The 31-year-old has been wildly successful at shorter distances, establishing herself as arguably America’s top distance runner over the past few years. She’s the reigning U.S. champion in the 10,000m on the track, a 2012 Olympian at 5,000m and last year was the U.S. champion on the roads at 5K, 10K, 12K, 10-mile and 20K. She’s also run a half marathon in 1:07:41, an American record for an all-women’s race.
She’s currently preparing for the U.S. Olympic Trials on the track, with hopes of making her second Olympic team this summer. But after that, she will start her first marathon build-up.

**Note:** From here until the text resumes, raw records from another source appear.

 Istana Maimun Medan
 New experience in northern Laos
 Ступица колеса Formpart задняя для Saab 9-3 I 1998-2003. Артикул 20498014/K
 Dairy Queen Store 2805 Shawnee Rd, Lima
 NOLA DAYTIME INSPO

“It’s with excitement that I am going to run my first marathon this fall, and I am honored and delighted to do so at the TCS New York City Marathon,” Huddle said in a press release. “As a native New Yorker and someone who has watched my training partners race through the city many times in the past, I felt like New York has been calling to me for many seasons.”

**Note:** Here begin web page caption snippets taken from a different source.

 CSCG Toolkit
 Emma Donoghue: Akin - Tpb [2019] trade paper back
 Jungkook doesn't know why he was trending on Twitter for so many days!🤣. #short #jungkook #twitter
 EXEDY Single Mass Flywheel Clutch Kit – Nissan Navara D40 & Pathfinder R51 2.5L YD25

Several top American women have gone a similar route in making their marathon debut in New York. Kara Goucher debuted in New York in 2008, running a 2:25:53 to finish third overall. In 2011, Shalane Flanagan made her marathon debut and ran a 2:28:40 to finish second.
What Huddle can accomplish over 26.2 miles has been a source of intrigue in the running world for several years now.
“It feels like running a marathon is a rite of passage as a distance runner, and with my strength work going better than ever, I finally feel ready to tackle that distance on a course and in a city whose grit and vibrancy inspire me,” Huddle said. “I always love running NYRR races from one mile up to 13.1, and by now the city feels like a home course.”
NYRR also announced the introduction of the U.S. prize purse for the New York City Marathon. In 2016, it will total $116,000, with the top male and female American each taking home $25,000. To be eligible, athletes must have U.S. citizenship and not be eligible to represent another country in international competition.